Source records
★ ★ ★

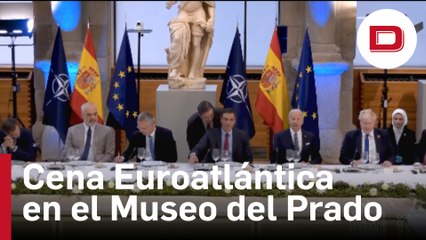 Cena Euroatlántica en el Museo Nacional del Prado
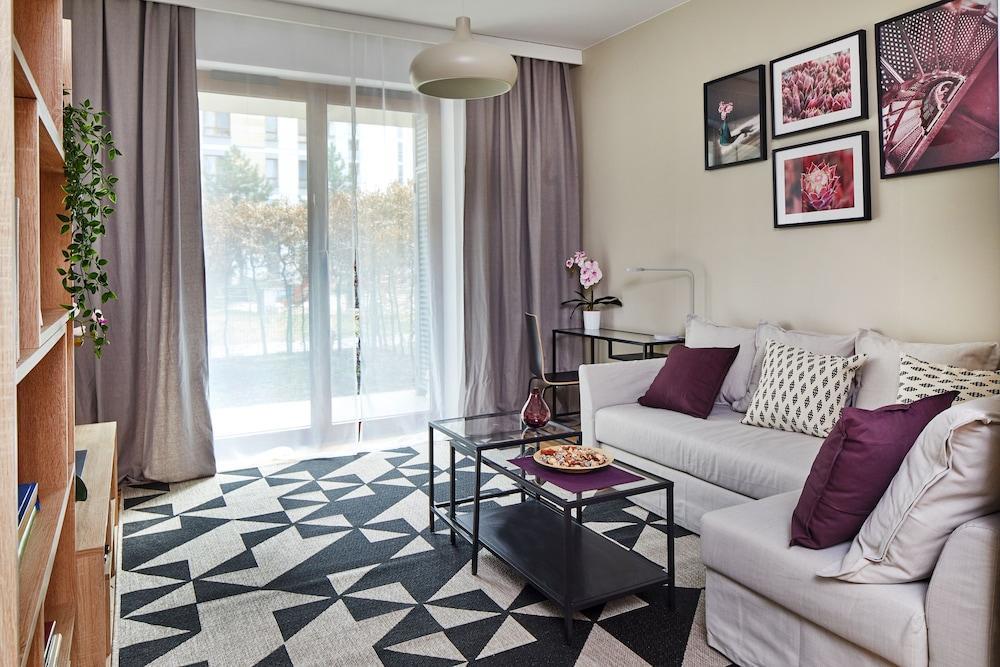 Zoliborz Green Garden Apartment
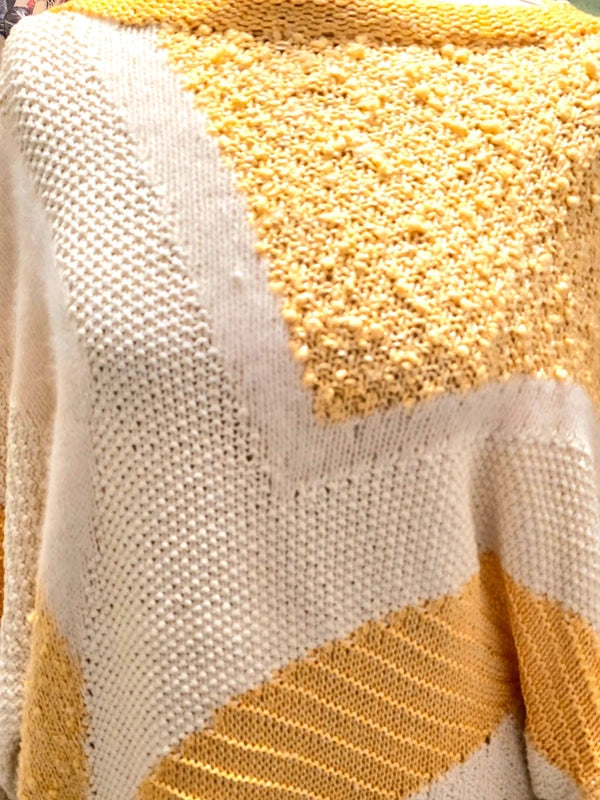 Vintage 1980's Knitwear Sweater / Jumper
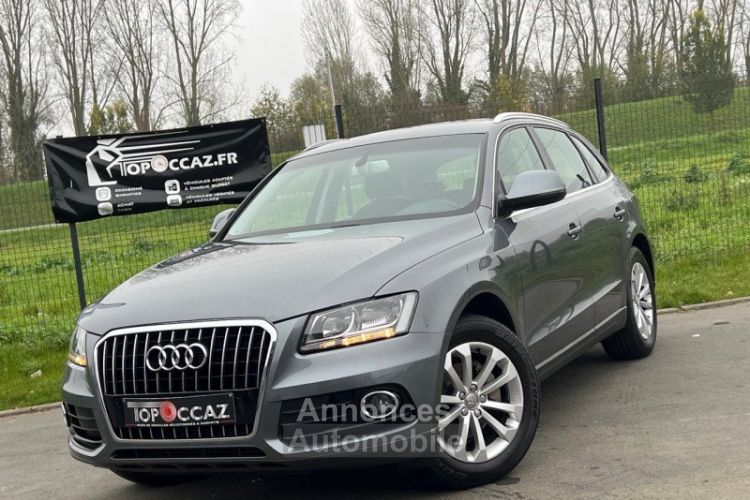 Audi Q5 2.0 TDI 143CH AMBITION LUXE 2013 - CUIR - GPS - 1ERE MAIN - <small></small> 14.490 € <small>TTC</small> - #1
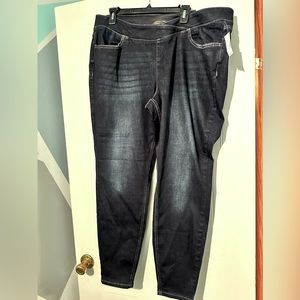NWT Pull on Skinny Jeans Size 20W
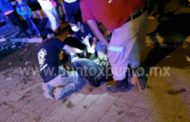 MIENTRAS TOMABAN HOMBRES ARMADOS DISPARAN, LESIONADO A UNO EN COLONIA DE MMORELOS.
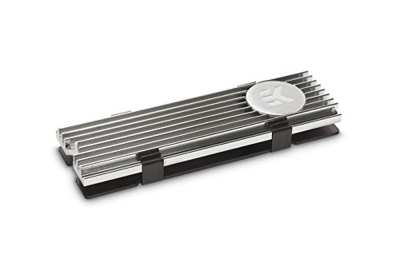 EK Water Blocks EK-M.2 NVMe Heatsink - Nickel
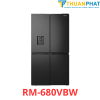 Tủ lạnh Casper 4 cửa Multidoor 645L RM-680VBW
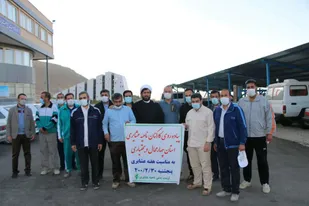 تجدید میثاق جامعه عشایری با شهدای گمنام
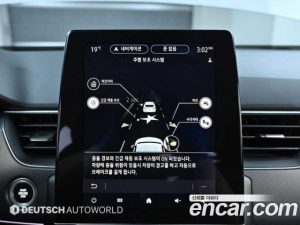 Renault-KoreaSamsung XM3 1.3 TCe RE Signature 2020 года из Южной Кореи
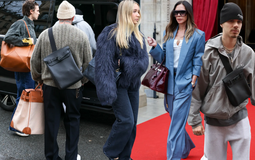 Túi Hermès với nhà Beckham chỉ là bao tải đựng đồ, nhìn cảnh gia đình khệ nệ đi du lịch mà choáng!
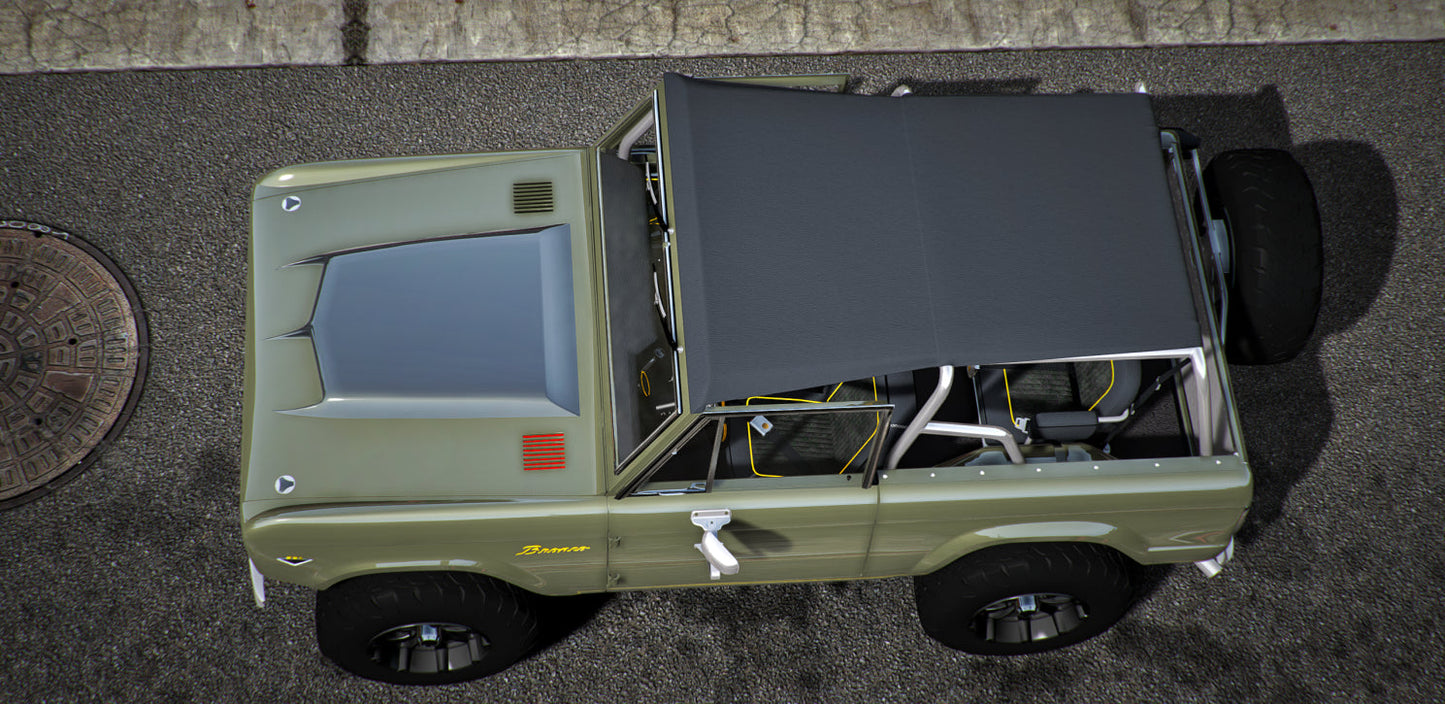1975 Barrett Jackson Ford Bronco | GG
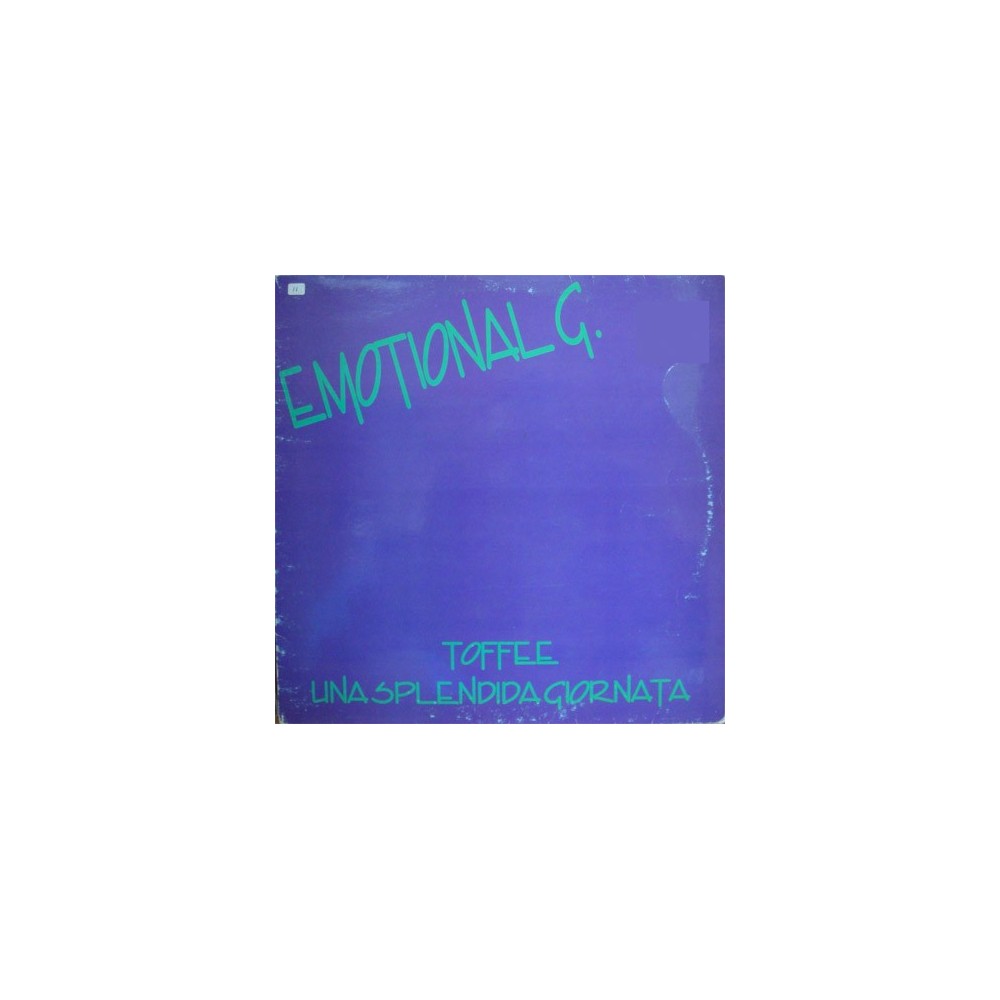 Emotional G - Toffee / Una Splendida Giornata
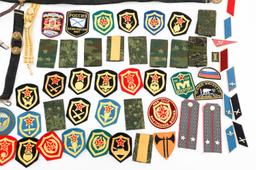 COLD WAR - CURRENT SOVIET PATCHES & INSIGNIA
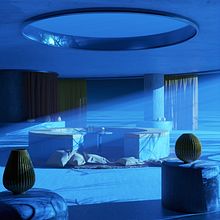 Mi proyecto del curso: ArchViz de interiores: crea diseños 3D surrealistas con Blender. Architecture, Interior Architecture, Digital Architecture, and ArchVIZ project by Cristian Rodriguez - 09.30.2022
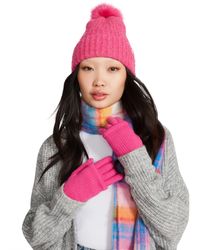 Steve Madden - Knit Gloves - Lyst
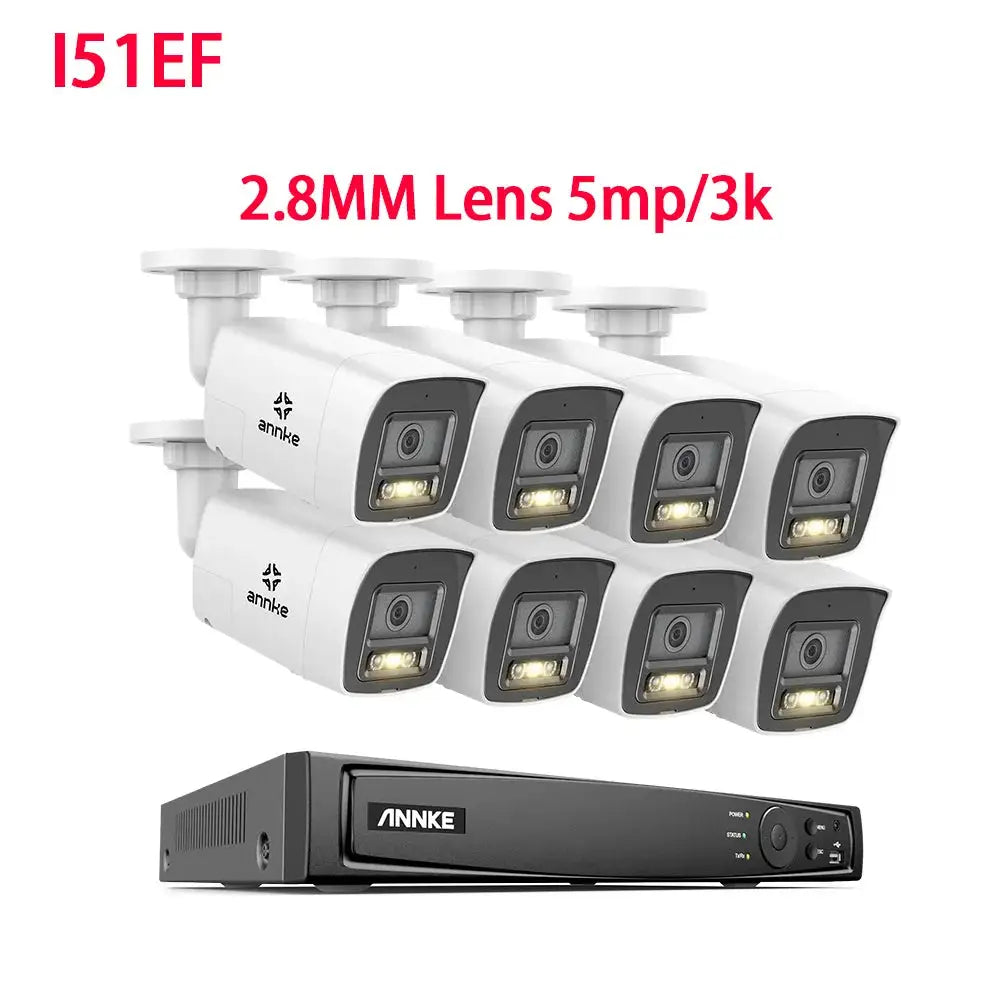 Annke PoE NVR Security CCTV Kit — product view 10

★ ★ ★

Goal of the exercise
Beginning with the line above that contains "Zoliborz Green Garden Apartment" and ending with the line that contains "MIENTRAS TOMABAN HOMBRES", quote each line exactly, keeping out the pictures.

Answer space
 Zoliborz Green Garden Apartment
 Vintage 1980's Knitwear Sweater / Jumper
 Audi Q5 2.0 TDI 143CH AMBITION LUXE 2013 - CUIR - GPS - 1ERE MAIN - <small></small> 14.490 € <small>TTC</small> - #1
NWT Pull on Skinny Jeans Size 20W
 MIENTRAS TOMABAN HOMBRES ARMADOS DISPARAN, LESIONADO A UNO EN COLONIA DE MMORELOS.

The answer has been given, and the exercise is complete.